Même en cinéma, parfois, les campagnes publicitaires dessinent des images factices. Pour le meilleur, mais aussi pour le pire. Entre une bande annonce entièrement muette, dotée d’une fascinante étrangeté dans ce qu’elle laissait entrevoir de beautés androgynes, de poésie, de paresse et de mélancolie – autant d’escapades en dehors du moule du cinéma « d’armée » –, une affiche aux pistes tout aussi sensiblement teintées de nostalgie, et un titre à la fois mystérieusement ouvert et résolument cohérent avec ces images entraperçues, on se léchait les babines à l’idée de ce Noir océan. Belles paroles. Un gouffre sépare le film attendu de celui qu’on a vu. Le résultat est graphique, joliment figé, comme une galerie, mais ne dépasse à aucun moment le stade de l’évocation.

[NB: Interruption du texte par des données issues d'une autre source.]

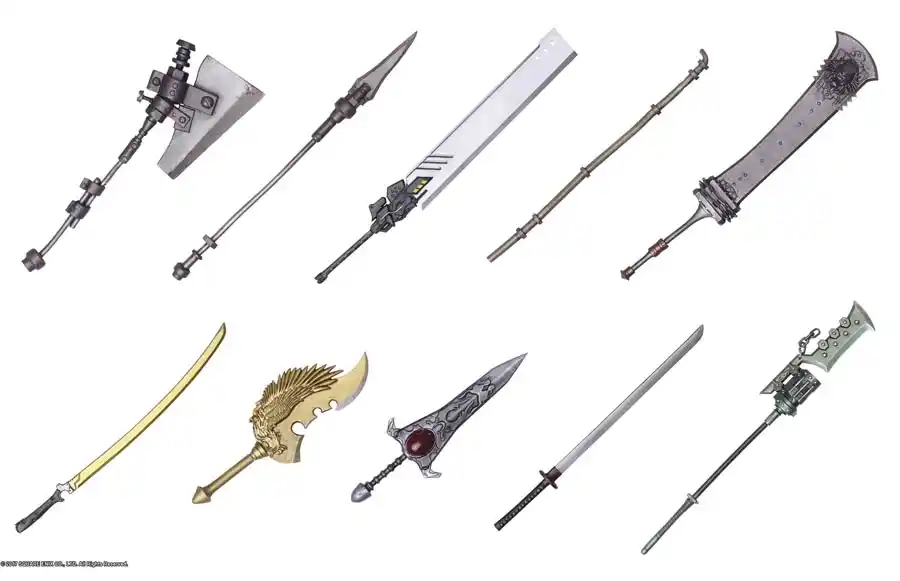 Nier Replicant Armas Nier Replicant Armas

Difficile de dire de quoi parle le dernier film de Marion Hänsel. Portrait crayonné d’une poignée de destins adolescents dans le bain de la guerre, de la dictature du groupe, ou peut être de l’origine de la violence, il ne fait qu’enchaîner d’anodins billets d’humeur sans jamais entamer un début de sincérité. Même s’il se pare d’une incontestable originalité – égéries éphébiques, mises en beauté par un sensible éclat lumineux – qui valait toute notre curiosité, Noir océan est bien trop timide pour ne pas ennuyer.
Quand tu regardes l’abîme
Traversée timide dans le quotidien de ces soldats de la mer, en manœuvre à Mururoa pour opérer des essais nucléaires dans les eaux pâles du Pacifique, Noir océan barbote. Ne définissant jamais vraiment son sujet, il se contente de nourrir quelques espoirs autour de personnages qui finissent par s’avérer totalement désincarnés, pétrifiés dans des postures. Moriaty joue le chien fou, plus mûr, plus changeant, plus conscient, mais conscient de quoi ? Il gesticule, alterne euphorie et désespoir avec une indécision toute neurasthénique, presque bipolaire. Le reste de la troupe complète une photo de classe bouffie, par trop pittoresque, peuplée de frimeurs qui jouent aux cartes, de marginaux soit laids, soit gros, qui peinent à s’intégrer, ou cultivent leur différence, ou bien les deux. Au milieu, Massina joue le témoin vide. Sans histoire, sans passé, sans idée, il n’est que le faire-valoir des personnages sculptés à la truelle qui s’agitent autour de lui.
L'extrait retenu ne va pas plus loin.